INSTRUCTIONS FOR THE TASK: In the records below, begin at the line containing "цена Туристические брюки" and end at the line containing "Simon King - Βουρβουρού, Χαλκιδική"; quote every line in that span exactly, including both boundary lines, and no others.

INFORMATION GIVEN:
■ ■ ■ ■ ■ ■ ■

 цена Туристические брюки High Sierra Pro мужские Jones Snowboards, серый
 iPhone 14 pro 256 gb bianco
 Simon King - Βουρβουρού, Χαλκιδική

■ ■ ■ ■ ■ ■ ■

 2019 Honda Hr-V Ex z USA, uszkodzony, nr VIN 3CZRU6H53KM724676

■ ■ ■ ■ ■ ■ ■

ANSWER BOX:
 цена Туристические брюки High Sierra Pro мужские Jones Snowboards, серый
 iPhone 14 pro 256 gb bianco
 Simon King - Βουρβουρού, Χαλκιδική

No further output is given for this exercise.